С 14 марта 1613 года Земский собор и воеводы ополчения, собранного на очищение земли, стали лишь простыми исполнителями царской власти до полного установления всех старых порядков Московского государства, так как Пожарский и Минин, как прекрасно выяснил И. Е. Забелин, шли с последними людьми от земли, «не для того, чтобы перестроить государство на новый лад, а напротив, шли с одной мыслью и одним желанием – восстановить прежний порядок, расшатавшийся от неправды…»

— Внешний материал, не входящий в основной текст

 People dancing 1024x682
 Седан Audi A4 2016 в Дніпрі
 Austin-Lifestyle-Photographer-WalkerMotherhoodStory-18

«…При этом необходимо еще запомнить, – говорит Забелин, – что с восстановлением старого порядка само собой последовало, никем не превозглашенное, но всеми глубоко осознанное всепрощение для всех и всяческих воров и негодяев, которые, как скоро Смута утихла и излюбленный был избран, все тут же оказались людьми честными, и в нравственном, и в служебном смысле. Блудные сыны, постигнутые тьмой неразумия, образумились, все люди в бедах поискусились и в чувство и в правду пришли!.. Все смутное воровство было забыто навсегда: кривые тушинцы смешались с прямыми нижегородцами, и старые жернова стали молоть по-старому, как было прежде, как было при прежних государях. А потому весьма понятно, когда прежние порядки установились на своих прежних местах, то и люди, восстановлявшие эти порядки, должны были остаться тоже на своих прежних местах, с прежним своим значением и положением в обществе, а особенно в службе».
Поэтому когда вслед за избранием Михаила Феодоровича подле него образовалась Боярская дума, то первое место в ней по-прежнему занял старейший изо всех по отечеству князь Феодор Иванович Мстиславский, который, хотя и по принуждению Гонсевского, но все же служил в последние годы Сигизмунду. Тушинский боярин, князь Димитрий Тимофеевич Трубецкой, не раз целовавший руку Вору, тоже стал, разумеется, гораздо выше стольника князя Димитрия Михайловича Пожарского.